東洋経済新報社の都市データパックから(3月5日・火)

 都市データパック東洋経済新報社が発売する別冊「全国のまちの動きを伝える『都市データパック』」で住みよさランキング連続3年1位を誇った大曲市が、3月25日付で発売された02年版では5位へと後退した。トップには前年5位の福井市が躍り出た。2位は成田市だった。同じく前年3位と健闘した横手市も7位へとランクをやや下げた。評価がやや下がったことに対して大曲市では「3年連続1位だったこと事態、信じられなかったこと。それでも全国695都市の中での5位だから、住みよさの面で高く評価されている点に変わりはない」と受け止めている。

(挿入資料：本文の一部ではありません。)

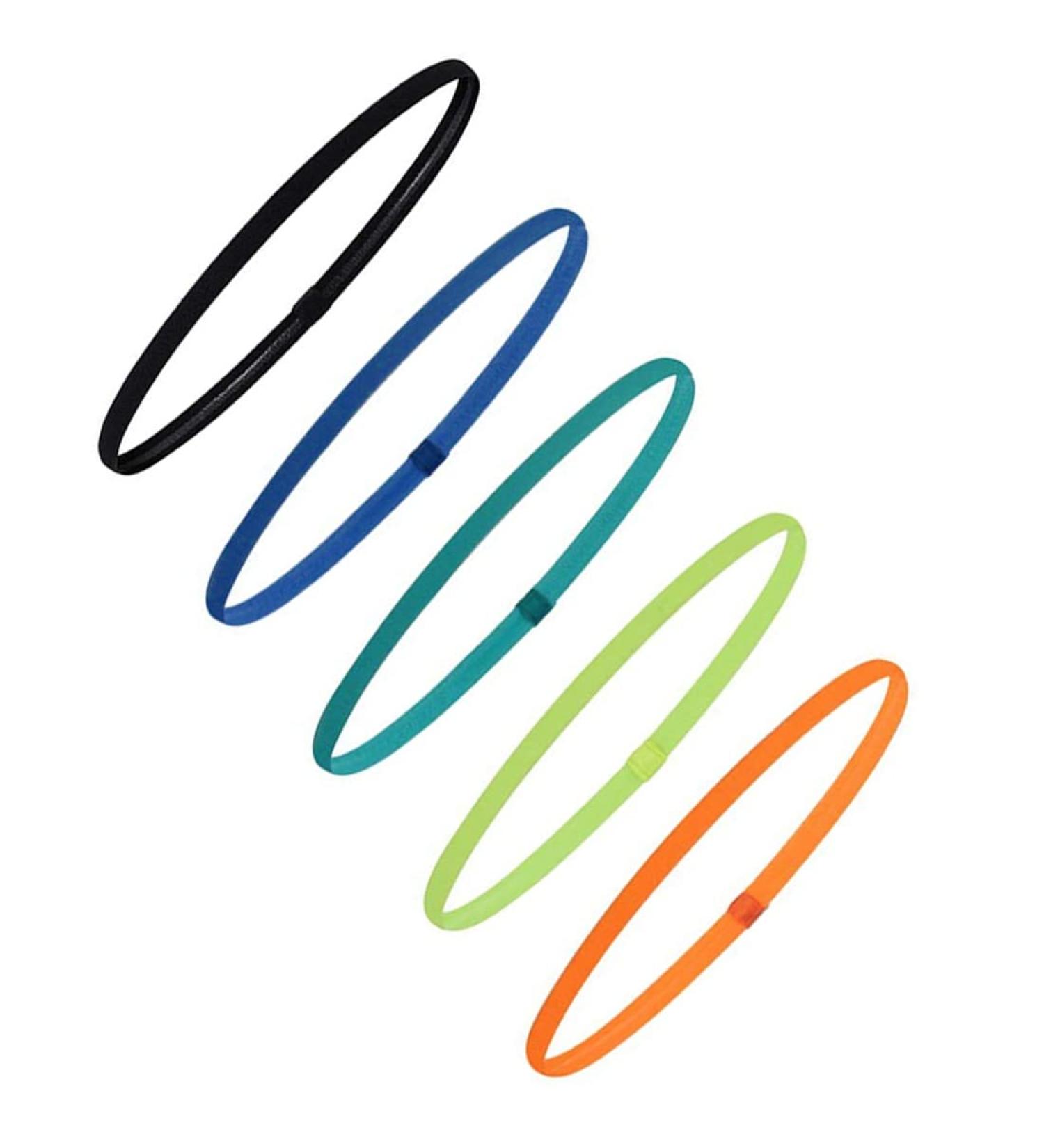 SIOPPKIK 5 PCS Sports Headband Set | Thin Elastic Non-Slip Hairbands for Women & Men | 5 Colors - Perfect for Workouts & Fashion - Buy Online on GoSupps.com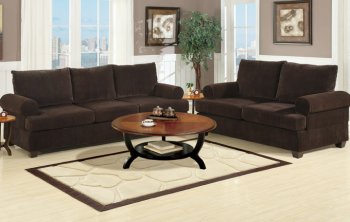 Chocolate Corduroy Modern Sofa & Loveseat Set [PXS-7142]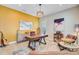 Stylish office featuring wooden desk, leather chairs, unique light fixture, and modern decor at 366 Tupelo Lake Dr, Summerville, SC 29486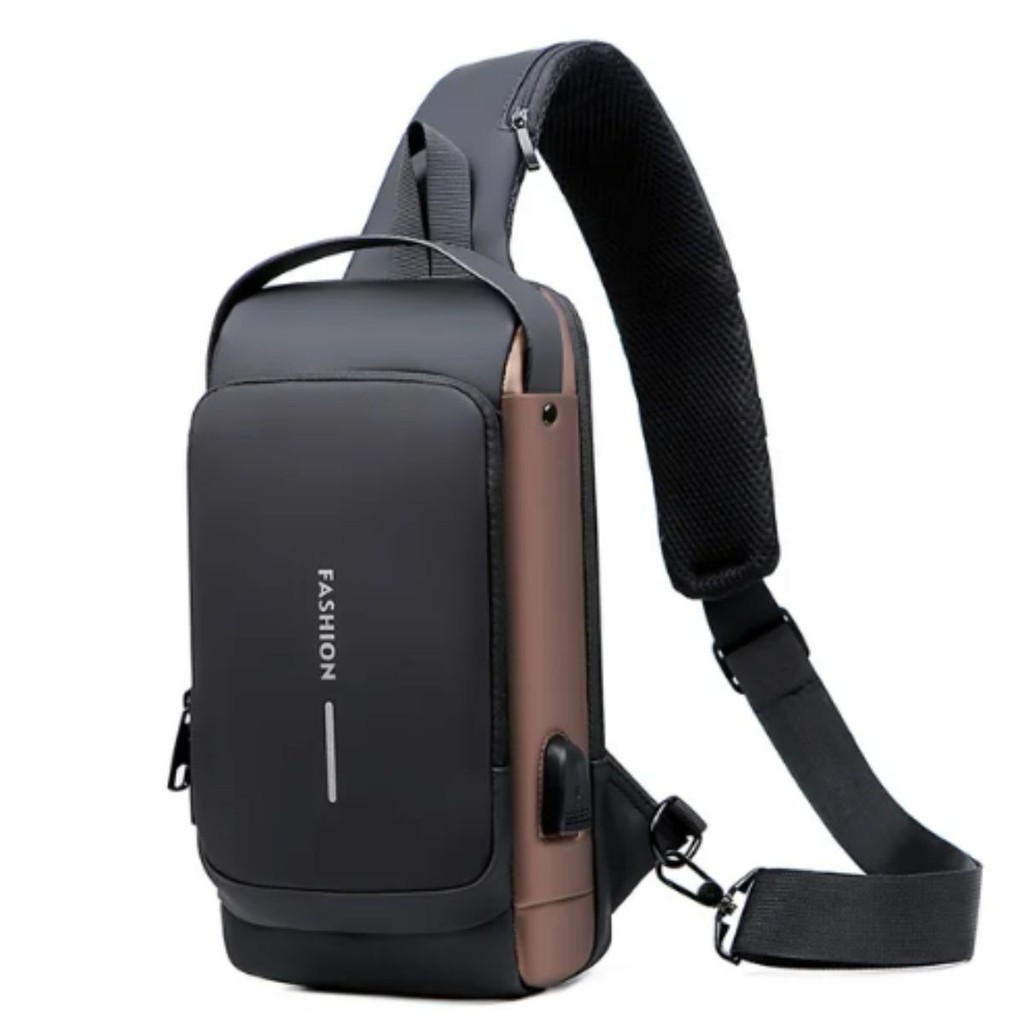 Mochila de Ombro Transversal Compacta Unilateral USB Trava de Código Resistente água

 この住みよさランキングは▽医療施設、高齢者福祉施設が充実しているか▽子どもを産める環境が整っているかといった「安心度」、そして▽買い物がしやすいか▽市内に大型小売店があるか▽金融機関の数▽通勤時間などからみた「利便度」、さらには▽下水道普及率▽都市公園面積などの「快適度」、市の財政力、高額納税者の数など「富裕度」、そして▽住宅当たりの延べ面積▽持ち家比率などの「住環境充実度」の5段階の指標から偏差値の平均を取って算出するもの。

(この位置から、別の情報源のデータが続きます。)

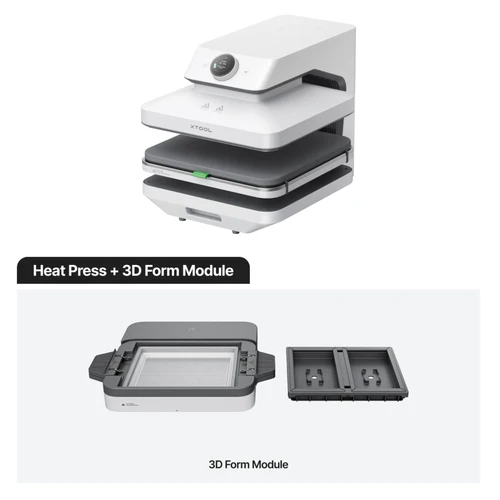 xTool WonderPress 3D Auto Heat Press, with a 3D Form Module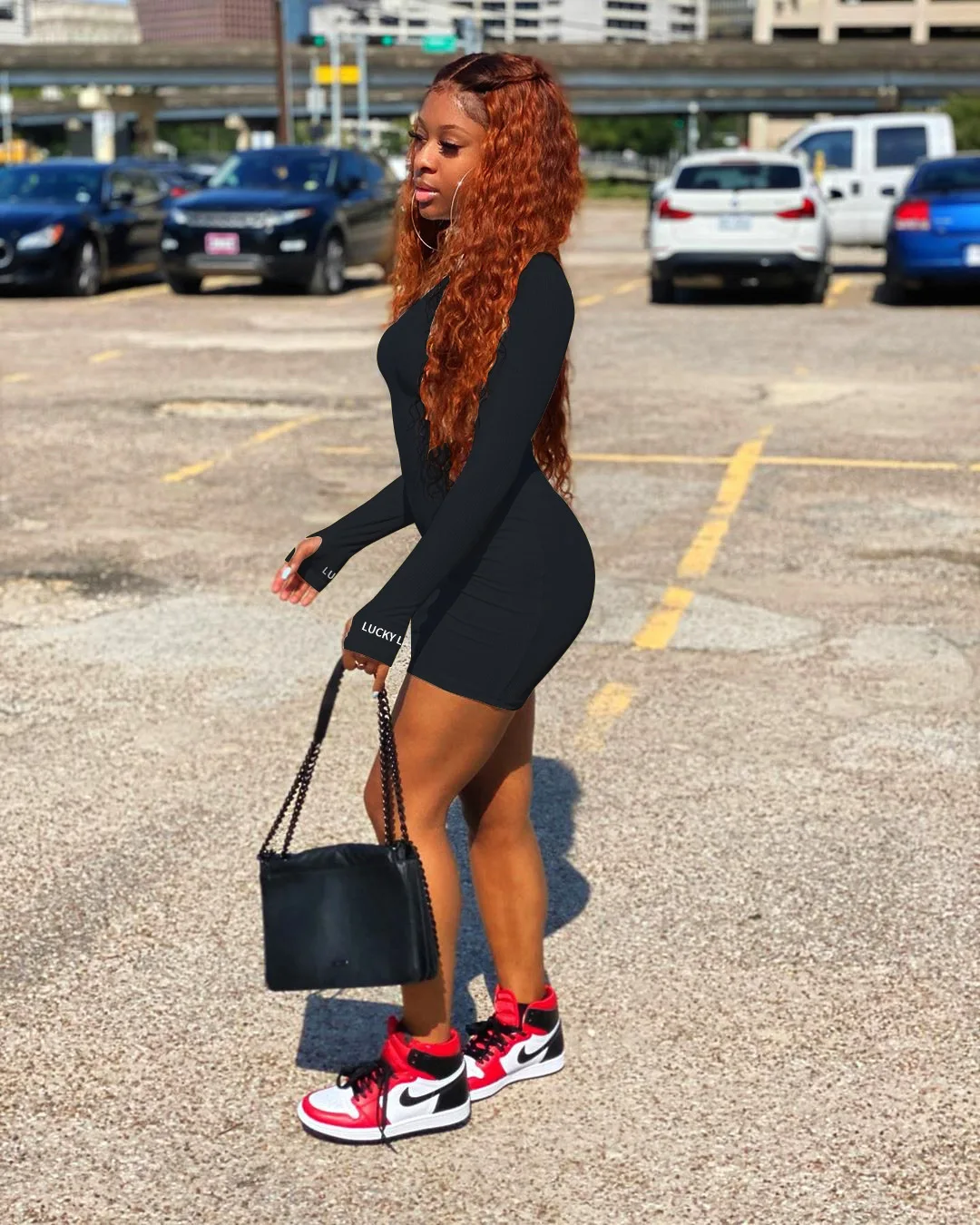 

81Y8036 Autumn Winter Women Outdoor Casual Home Solid Turtleneck Cuff Letter Print Long Sleeve Dress Vestidos Plus Size Hot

 その結果、大曲市は利便度では全国2位と高く評価され、住環境の面でも63位に位置づけた。また、快適度でも199位と695都市の中ではまあまあの上位を占めた。安心度では203位だった。しかし、富裕度では418位と低かった。利便度では市内の大型店や小売店の数、通勤時間の短さ、さらに秋田新幹線や秋田自動車道といった高速交通網の整備が後押ししたものであり、住環境も住宅の大きさや持ち家比率の高さが数値を高めるデータとなったものとみられる。

 一方、横手市は利便度で全国1位、住環境で49位、安心度で220位、快適度では353位となり、富裕度では435位だった。

 総合評価で100位以内に入った秋田県の都市は本荘市11位(前年9位)、能代市63位(同51位)、秋田市80位(同96位)となっている。